Coating prep and application
The first step is to keep as many impurities out of the coating as possible. “Clean the piece again and again before coating it,” instructs Rick Ogden, Rick Ogden Construction, Pryor, Okla. “The fewer impurities, the easier the sanding and buffing process.” Then apply two coats of the selected coating, following manufacturers’ directions for how quickly the second coat can be applied. The coating should be completely cured for 72 hours before sanding. Ogden recommends at least 12 mils. Polyaspartics cure more quickly and can be sanded the day after application, but they are thin-film, so contractors should avoid oversanding.
This is where the elbow grease comes in. To eliminate the nubs and bumps, the piece is wet-sanded by hand. Frank Wise, Custom Design USA Inc., Oklahoma City, compares this step to wet-sanding the paint on a car. He starts with 200-grit sandpaper and works up to 1,000 grit. Ogden starts with 1,000 grit if the surface has quite a few impurities and finishes up with as fine as 2,500 grit. Wetting the surface makes the process easier and the surface smoother.
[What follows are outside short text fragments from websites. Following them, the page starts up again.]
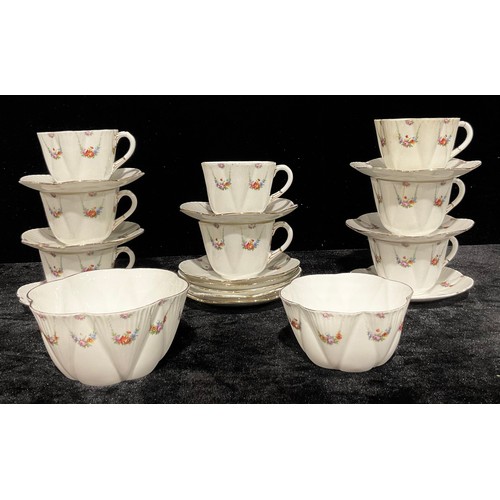 13 - A Foley Wileman tea set comprising eight breakfast teacups, twelve saucers, slop bowl and sugar bowl... 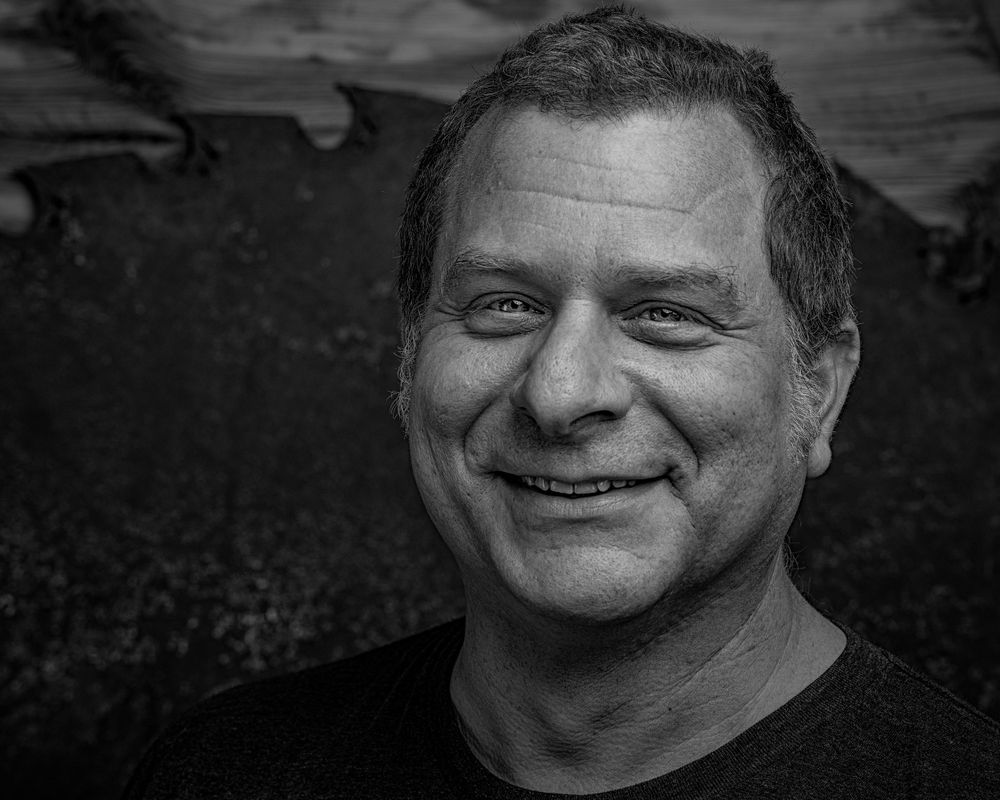 Black and white outdoor portrait showing warm genuine smile against natural landscape.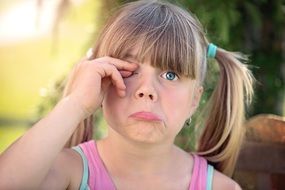 portrait of little girl with on eye closed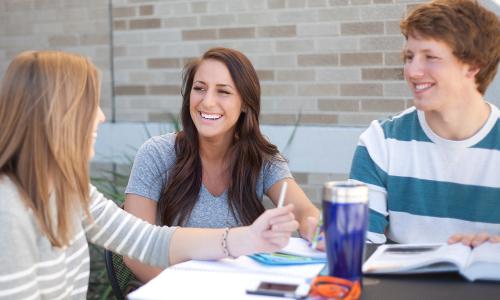 three students sharing a laugh while studying 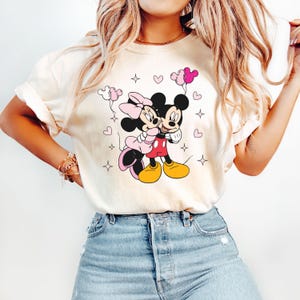 May include: A white t-shirt with a graphic of Mickey Mouse and Minnie Mouse hugging. They are surrounded by pink hearts and stars. Minnie Mouse is wearing a pink bow and Mickey Mouse is wearing red shorts.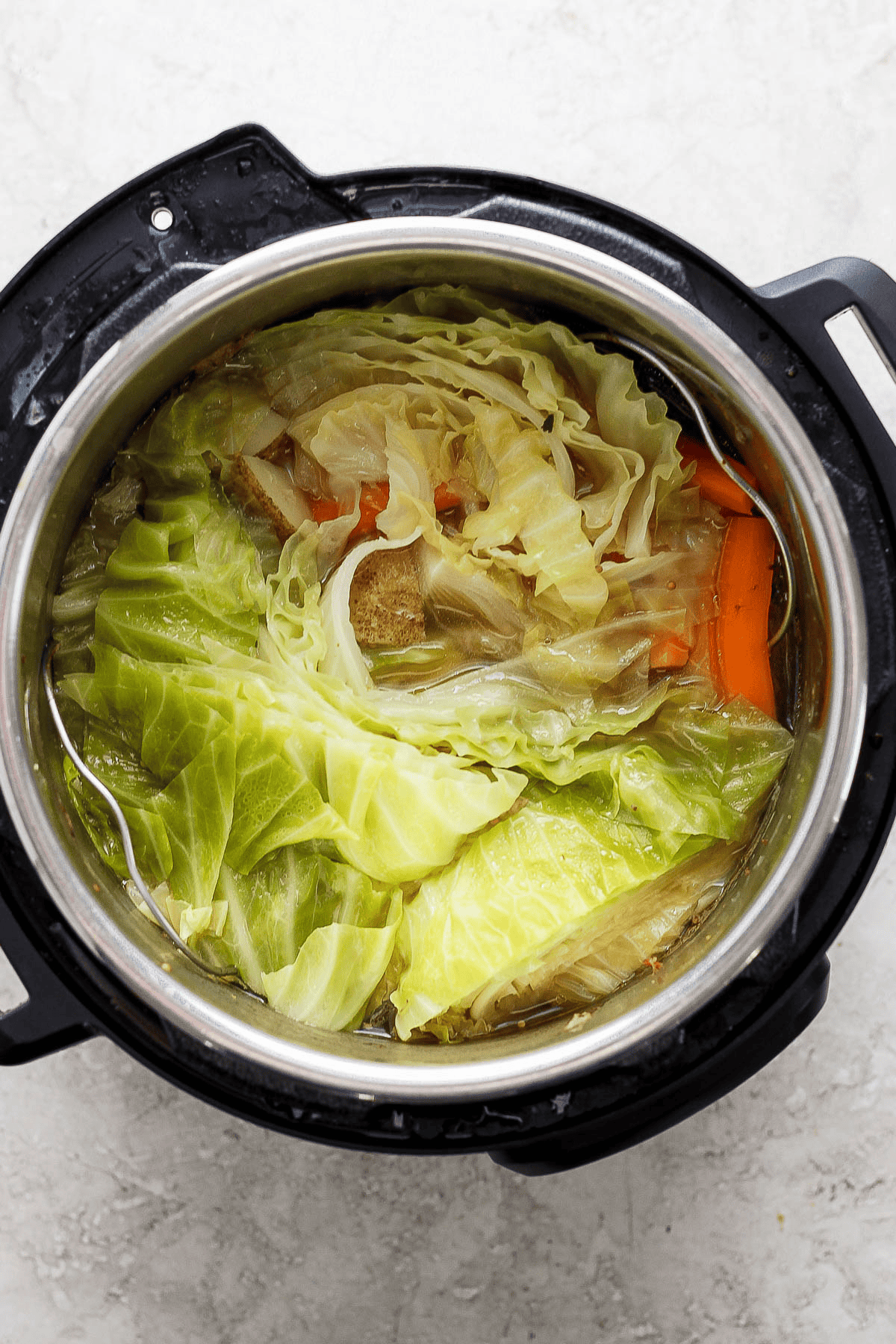 Fully cooked cabbage, potatoes, carrots, and onion in an Instant Pot.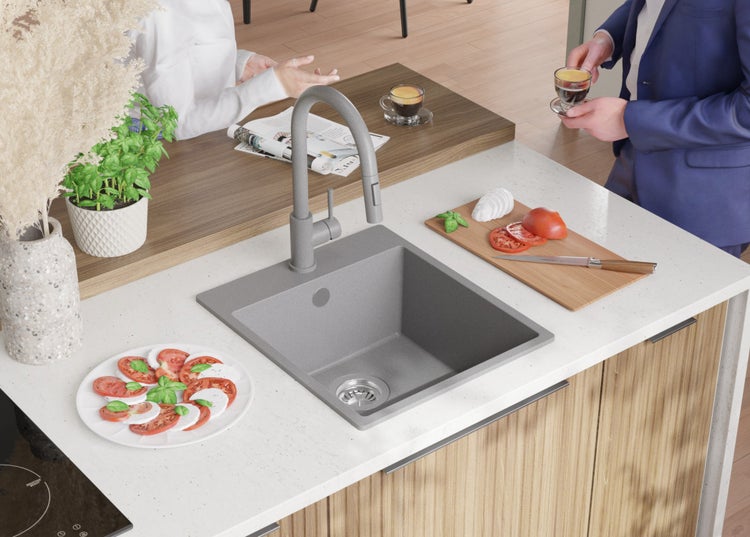 Küchenszene mit Spüle, Armatur und zubereiteten Speisen auf der Arbeitsfläche.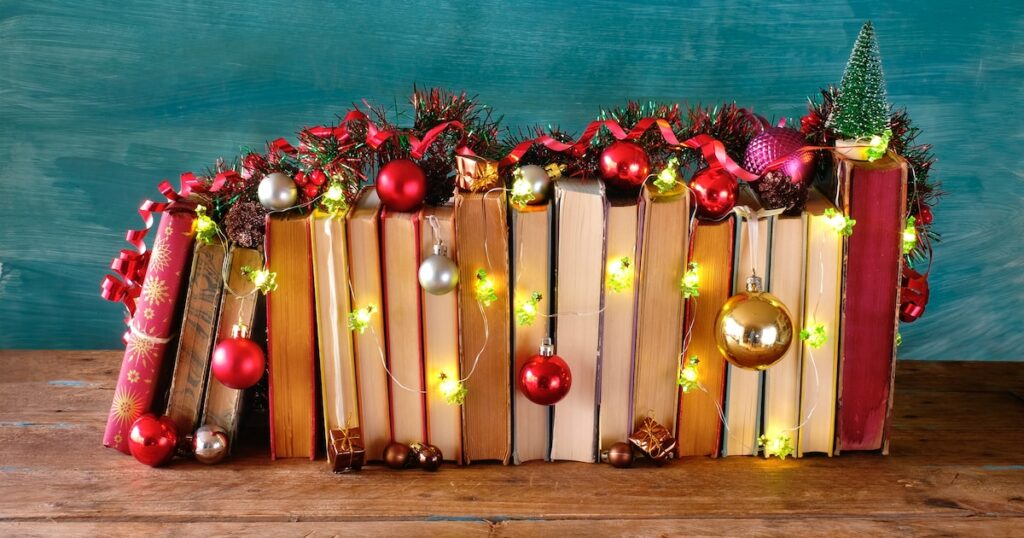 giving books for christmas,books as christmas gift,christmas present,reading,literature,education,making a gift concept, copy space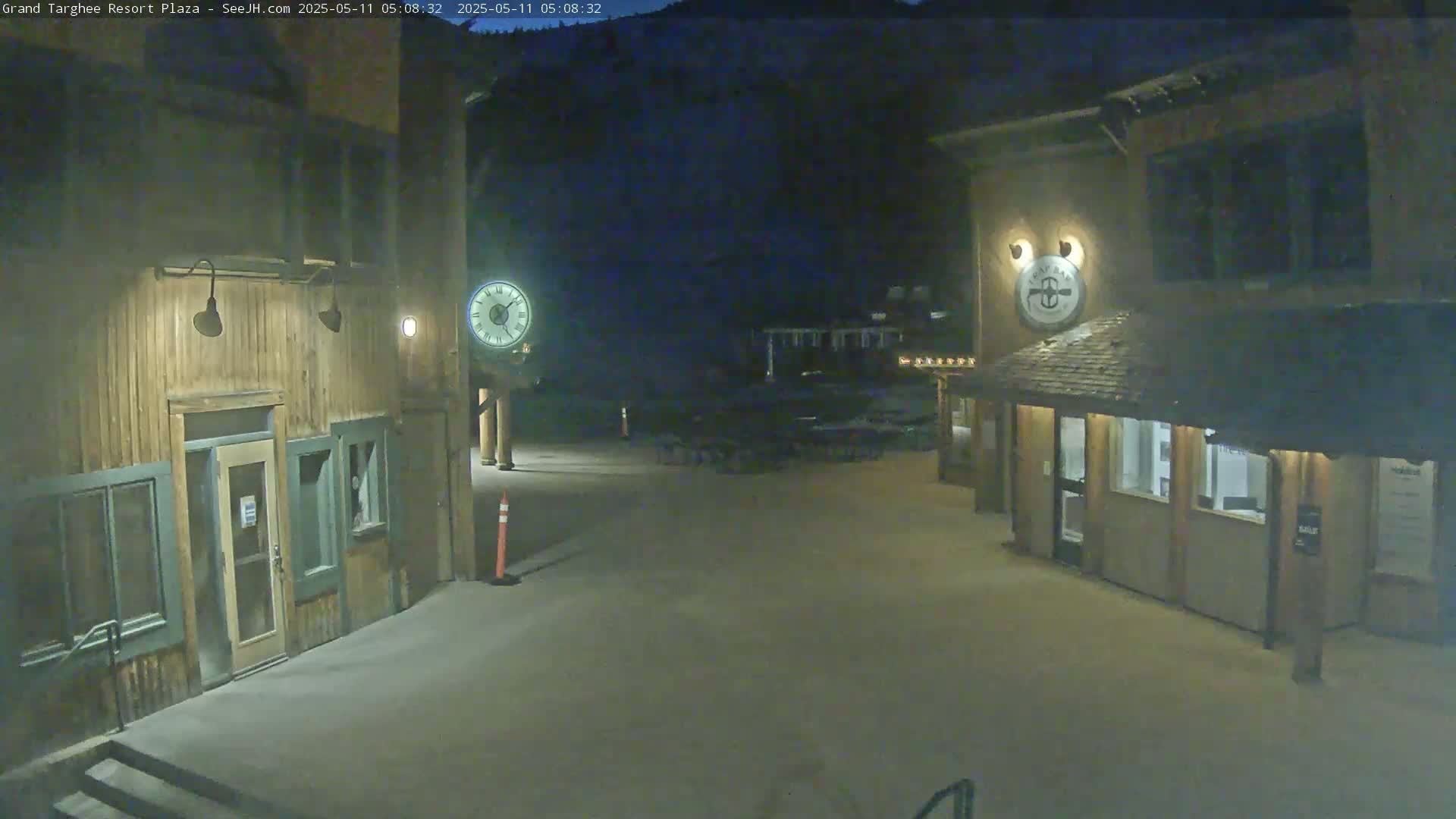 A plaza at night, illuminated by artificial light, features two wooden buildings with clocks, and a dark mountainside in the background.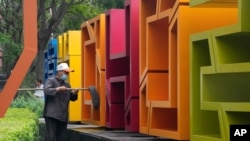 A worker mops the inside of a sign outside a mall in Beijing, China, Aug. 30, 2021.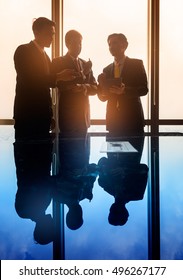 Asian business people having conversation in front of window in conference room, filtered image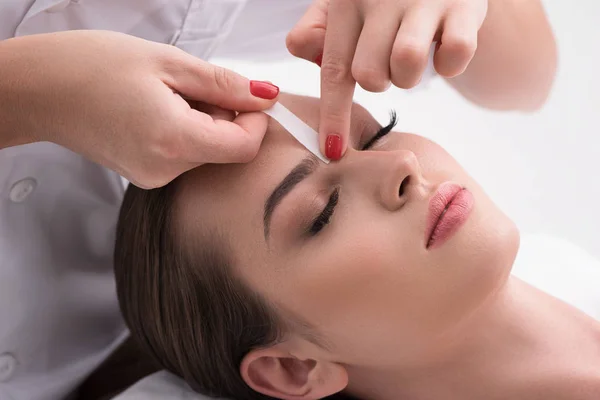 Young woman tweezing her eyebrows in beauty saloon — Stock Photo, Image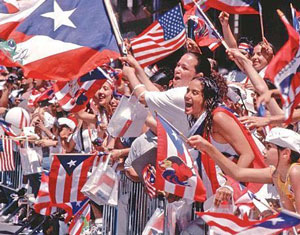 Latinos waving US and Cuban flags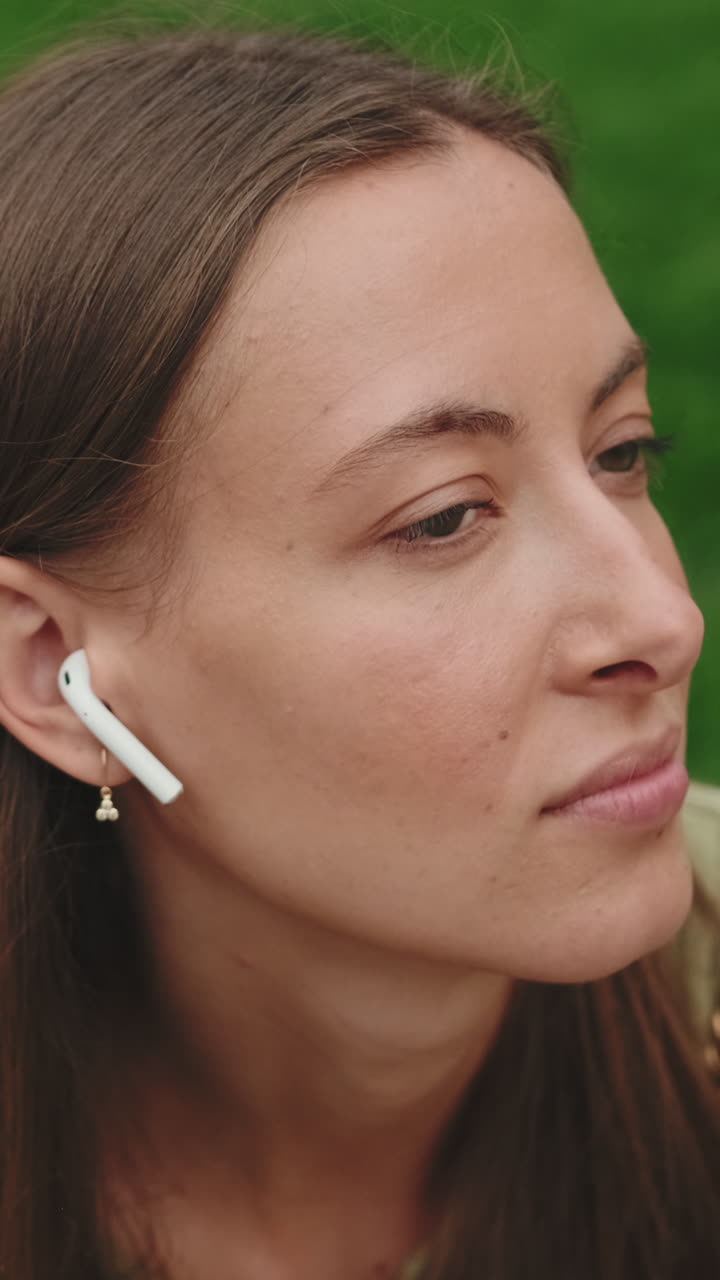Primo piano di giovane donna che ascolta con un auricolare all'aperto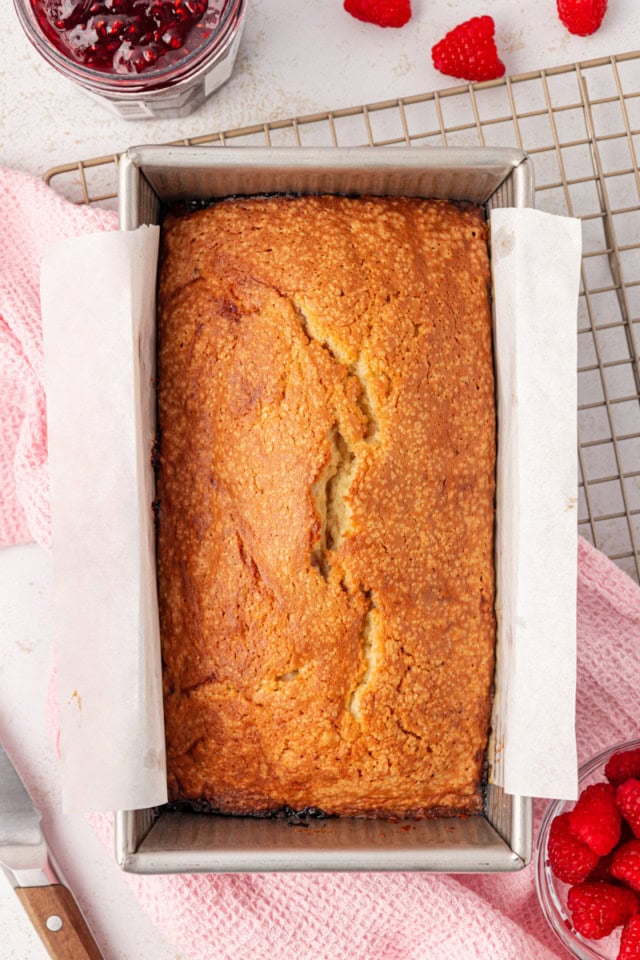 overhead view of freshly baked berry swirl pound cake in a loaf pan on a wire rack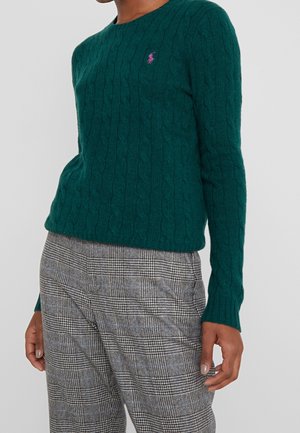 Person wearing a dark green cable-knit sweater and gray plaid pants, standing against a plain light gray background.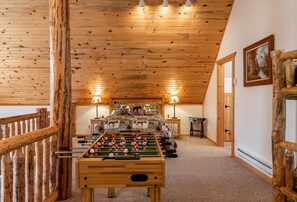 A cozy room with a wooden ceiling, a bed with patterned bedding, two lamps, and a foosball table. - Cozy Cabin Retreat with Hot Tub & Fire Pit for Summer in Island Park, Idaho (Island Park)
Once the surface has been sanded smooth, the coating is buffed using a commercial variable-speed buffer. Start buffing with a more-aggressive buffing compound and a higher-grit buffing pad, and work down through medium and fine-grit polishing pads. Ogden recommends using wool pads over foam and using the compound liberally.
While the process feels similar to buffing paint, there is little risk of going too far and buffing all the way through the coating, as can happen with paint. Also, more pressure must be applied than when buffing paint, in order to remove all the sanding marks.
After buffing with each grit, wipe the piece clean with a damp cotton cloth. Repeat the process until this cleaning step reveals that the desired finish has been accomplished.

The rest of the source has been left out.